- Born: Roy Prentice Basler November 19, 1906 St. Louis, Missouri, U.S.
- Died: October 25, 1989 (aged 82) Sarasota, Florida, U.S.
- Education: Central Methodist College Duke University (PhD)
- Occupation: Historian
- Known for: Editing the collected works of Abraham Lincoln

= Roy Basler =

American historian (1906–1989)

Roy Prentice Basler (November 19, 1906 – October 25, 1989) was an American historian who rose to prominence in the middle of the 20th century. Basler was most famous for editing the collected works of Abraham Lincoln. He also wrote the introduction to Sam Watkins' "Co Aytch".

==Biography==
Basler was born in St. Louis and attended Central Methodist College in Fayette, Missouri, before receiving his PhD in American literature at Duke University. He headed the English departments at Ringling College, Florence State Teachers' College and Peabody College, and was executive secretary and editor-in-chief of the Abraham Lincoln Association from 1947 to 1952. He joined the staff of the Library of Congress in 1952 and eventually became chief of the manuscript division and held the library's chair in American history. He retired in 1974 and moved to Sarasota, Florida, where he died in 1989.

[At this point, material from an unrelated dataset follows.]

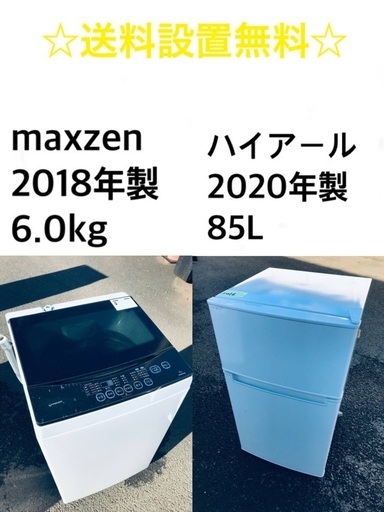 ★送料・設置無料★出血大サービス◼️⭐️家電2点セット✨冷蔵庫・洗濯機☆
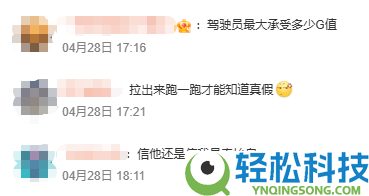 零百0.9秒做失掉吗 若是飞翔汽车算汽车的话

Basler's definitive eight volume collection of Lincoln's writings was published in 1953 and a supplement was released in 1974. It has been described as "the principal source" and "the most invaluable work of all" for Lincoln studies.

== Bibliography ==
- The Lincoln Legend: A Study in Changing Conceptions. By Roy Basler. Boston: Houghton Mifflin, 1935.
- The Collected Works of Abraham Lincoln. By Abraham Lincoln (Author), Roy P. Basler (Editor). New Brunswick, New Jersey: Rutgers University Press, 1953.
- The Muse and the Librarian. Westport, Conn: Greenwood Press, 1974.